What needs to be done
In the entries that follow, find the line containing "Niche for living room with shelf" and the line containing "Image 4 : Vintage", then retype exactly the lines from the first through the second, pictures excluded.

Material shown
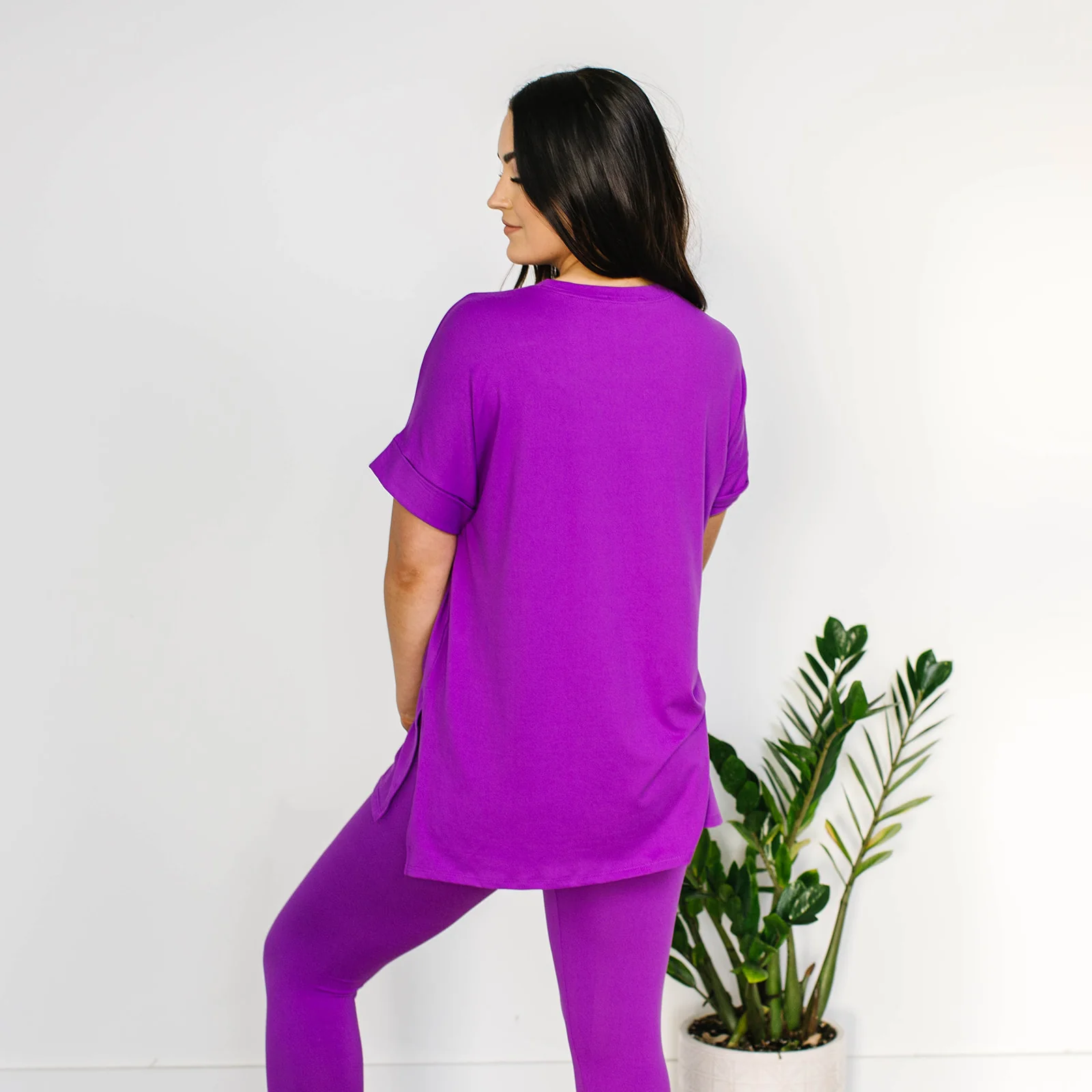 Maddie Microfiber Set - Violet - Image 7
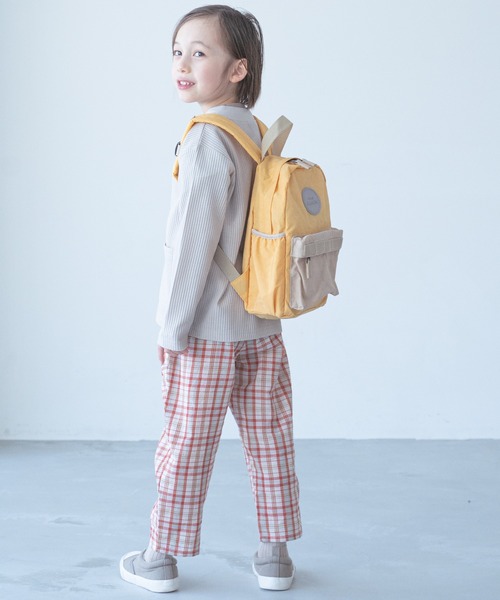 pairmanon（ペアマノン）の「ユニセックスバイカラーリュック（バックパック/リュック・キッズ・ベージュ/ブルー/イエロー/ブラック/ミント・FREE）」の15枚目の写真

--

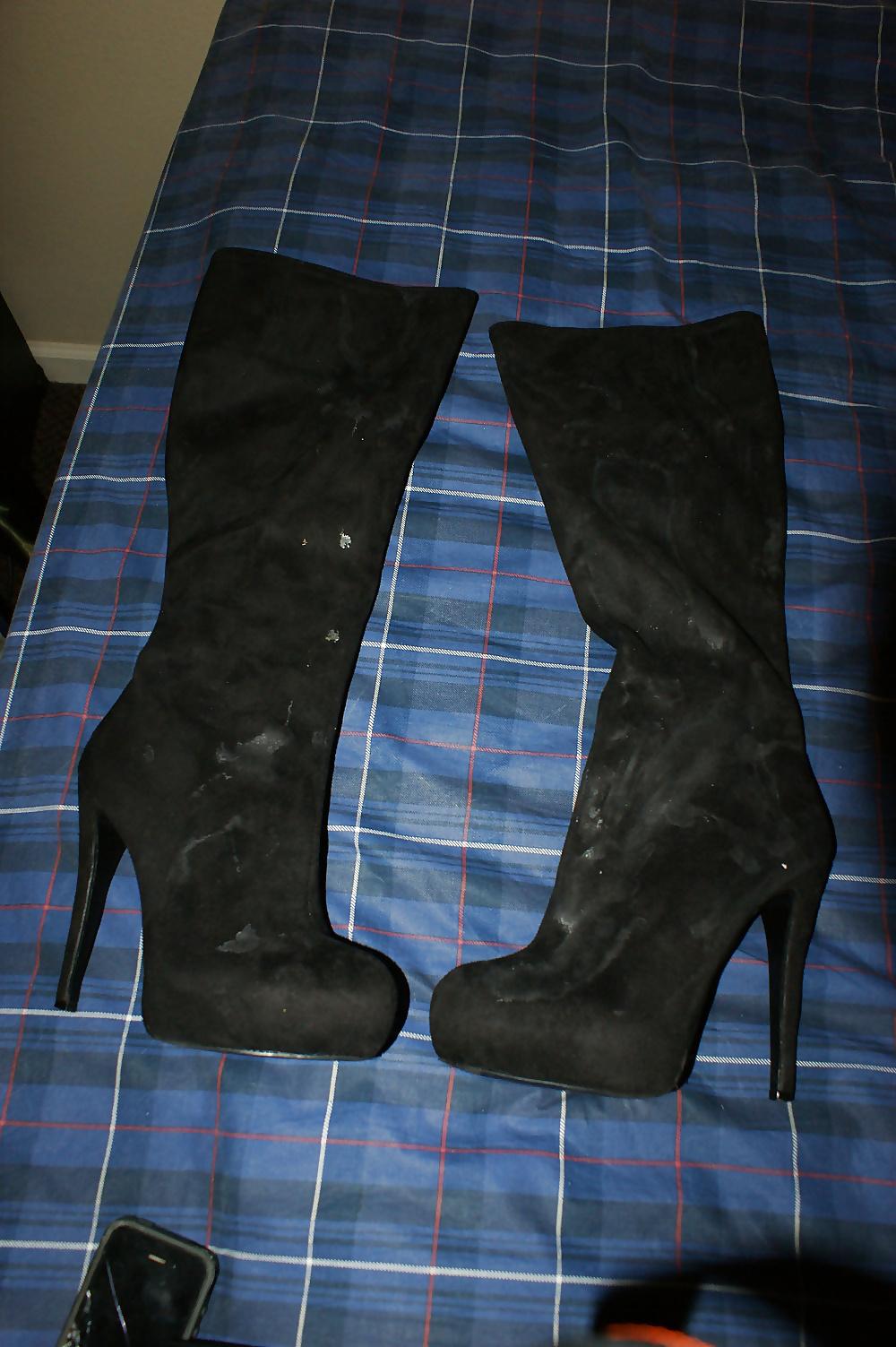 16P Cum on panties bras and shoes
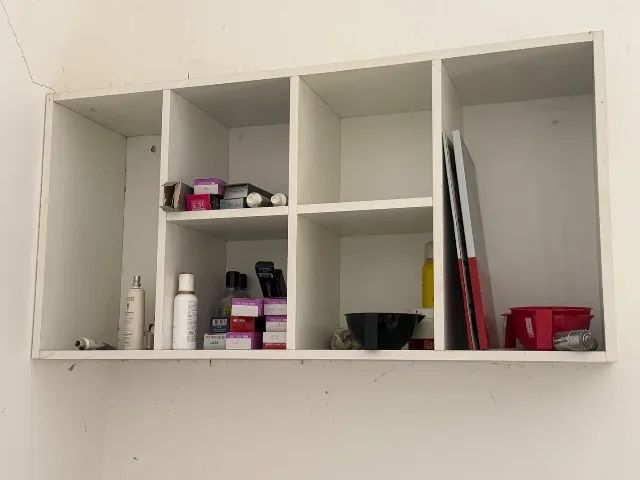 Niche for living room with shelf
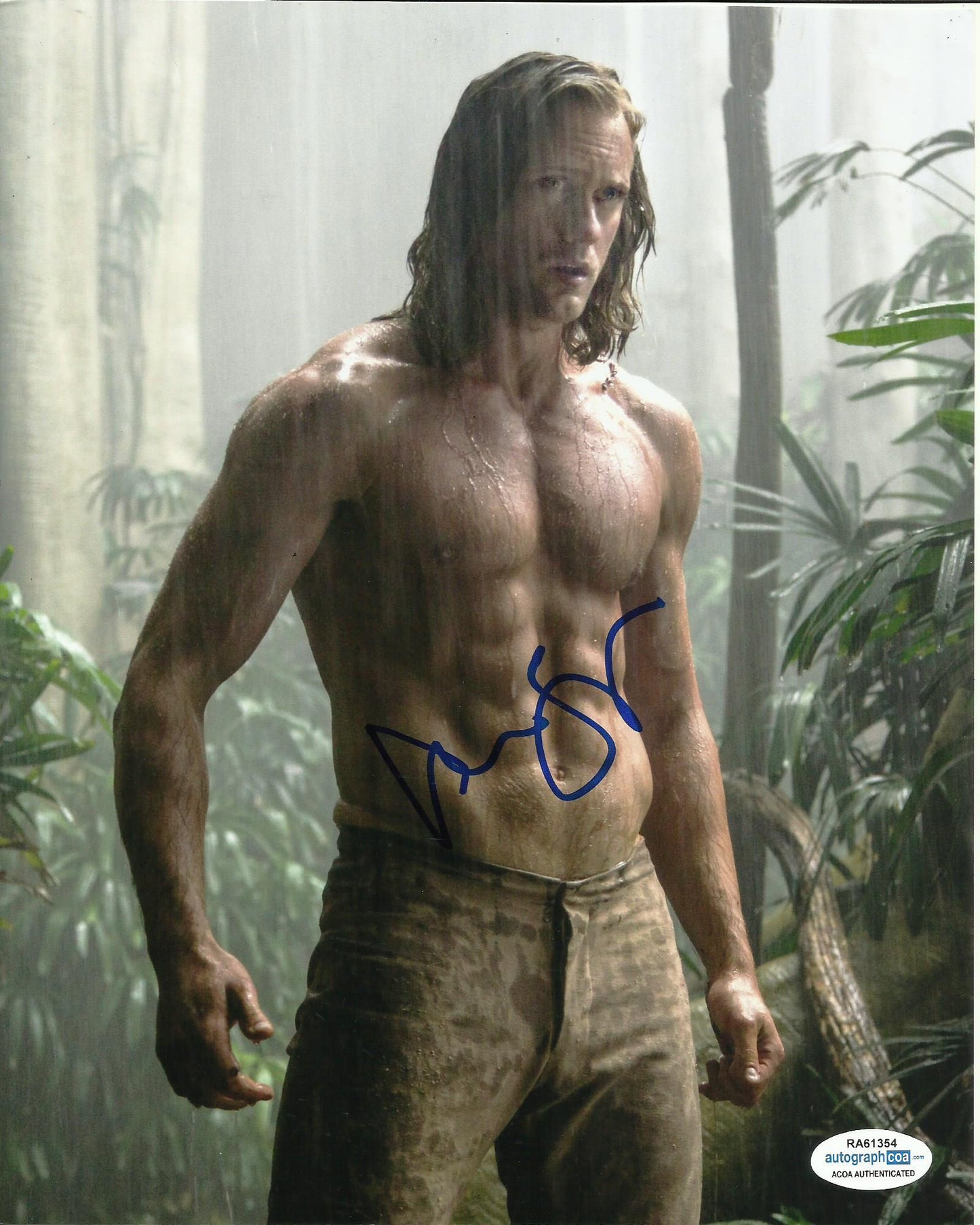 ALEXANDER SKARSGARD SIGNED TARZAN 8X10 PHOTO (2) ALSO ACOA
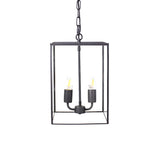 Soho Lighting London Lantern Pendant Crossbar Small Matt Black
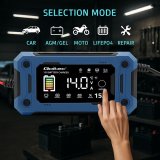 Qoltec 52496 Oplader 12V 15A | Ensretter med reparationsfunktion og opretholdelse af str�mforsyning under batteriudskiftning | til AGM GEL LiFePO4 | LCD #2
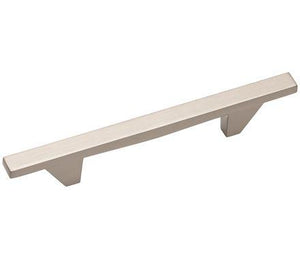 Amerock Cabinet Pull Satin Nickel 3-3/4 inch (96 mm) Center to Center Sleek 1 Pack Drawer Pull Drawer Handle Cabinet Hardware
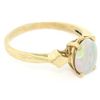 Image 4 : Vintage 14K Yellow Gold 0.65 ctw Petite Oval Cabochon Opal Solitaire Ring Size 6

==

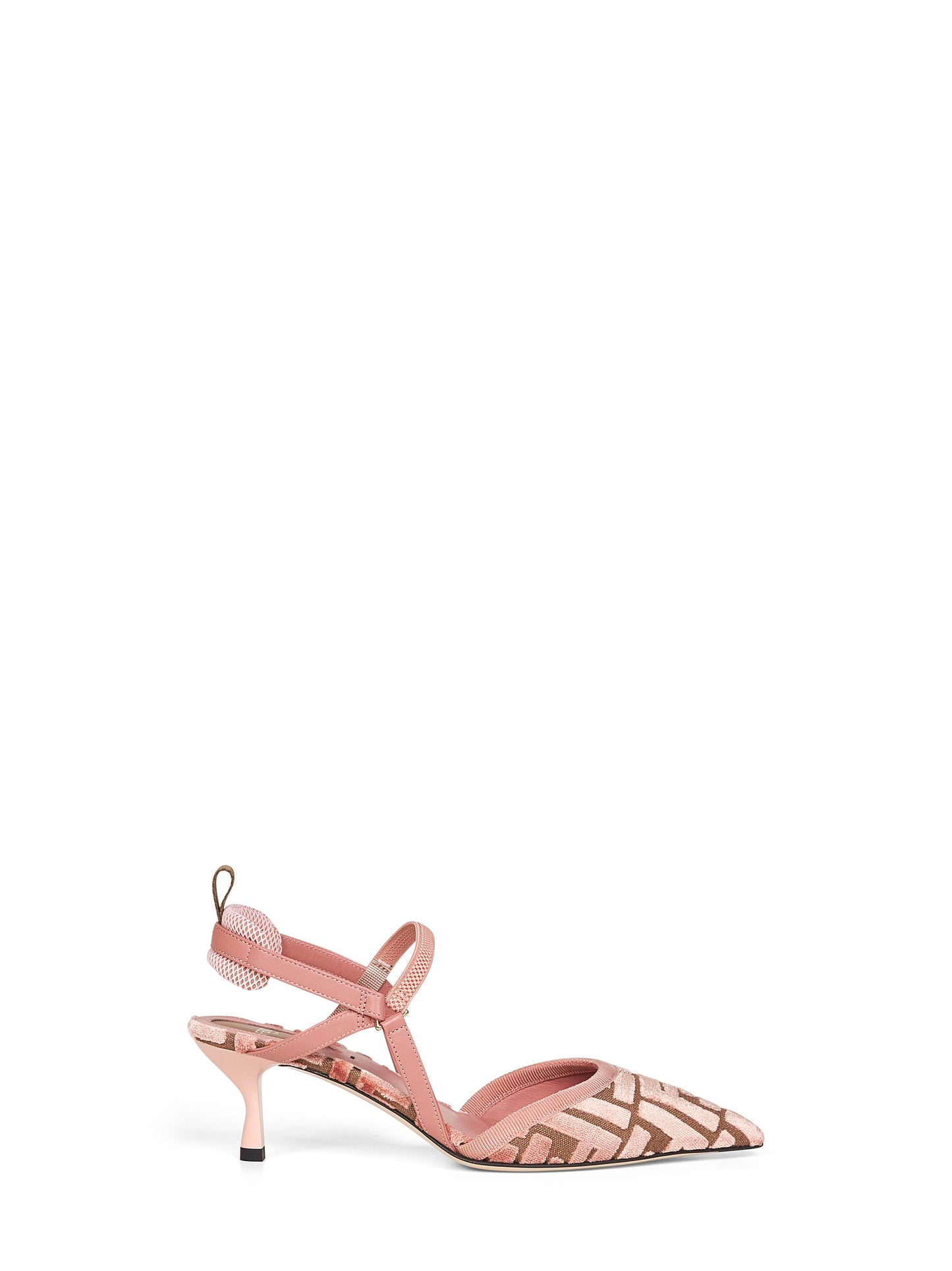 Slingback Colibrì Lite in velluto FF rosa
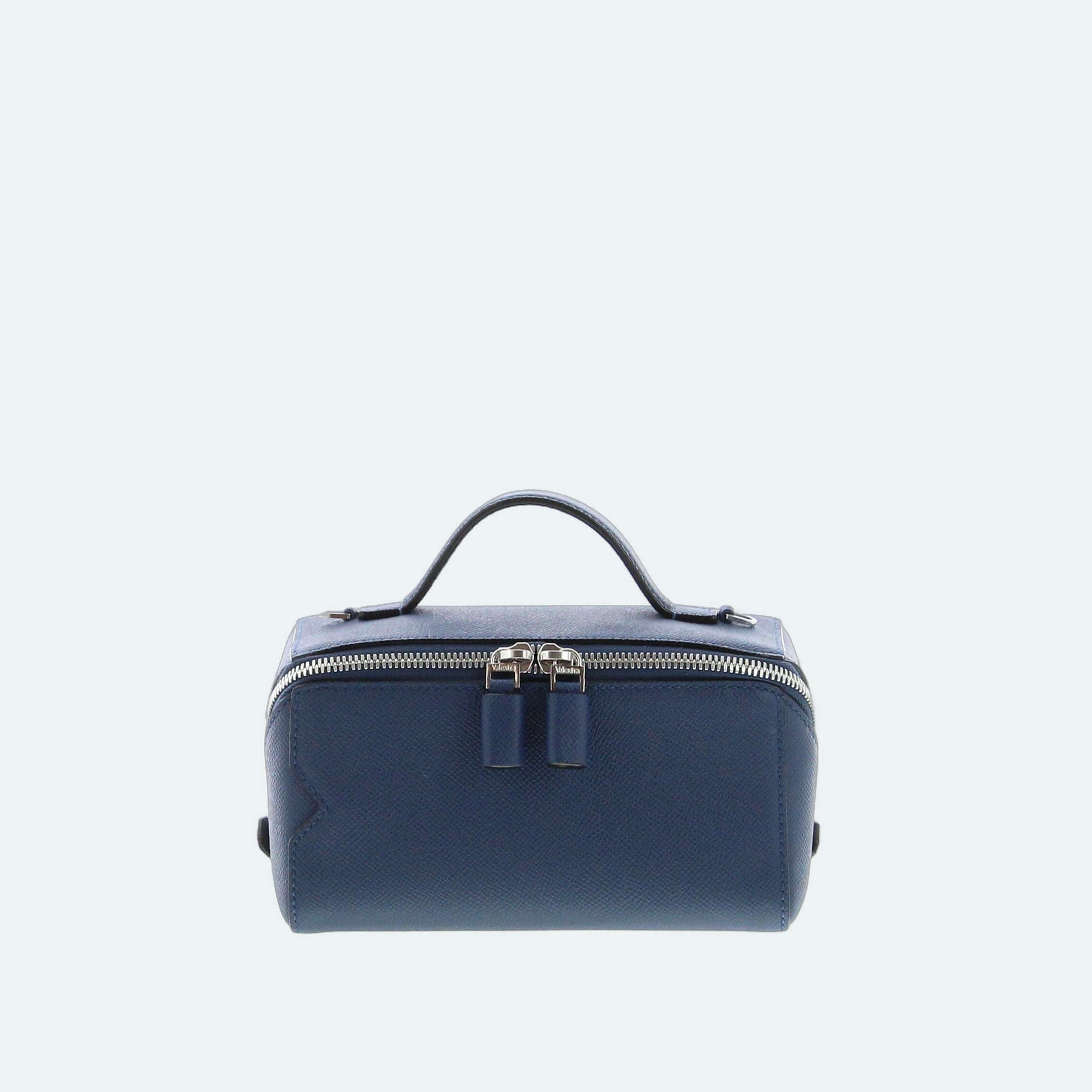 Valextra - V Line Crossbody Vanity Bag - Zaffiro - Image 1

Finished exercise
 Niche for living room with shelf
 ALEXANDER SKARSGARD SIGNED TARZAN 8X10 PHOTO (2) ALSO ACOA
 Soho Lighting London Lantern Pendant Crossbar Small Matt Black
 Qoltec 52496 Oplader 12V 15A | Ensretter med reparationsfunktion og opretholdelse af str�mforsyning under batteriudskiftning | til AGM GEL LiFePO4 | LCD #2
 Amerock Cabinet Pull Satin Nickel 3-3/4 inch (96 mm) Center to Center Sleek 1 Pack Drawer Pull Drawer Handle Cabinet Hardware
 Image 4 : Vintage 14K Yellow Gold 0.65 ctw Petite Oval Cabochon Opal Solitaire Ring Size 6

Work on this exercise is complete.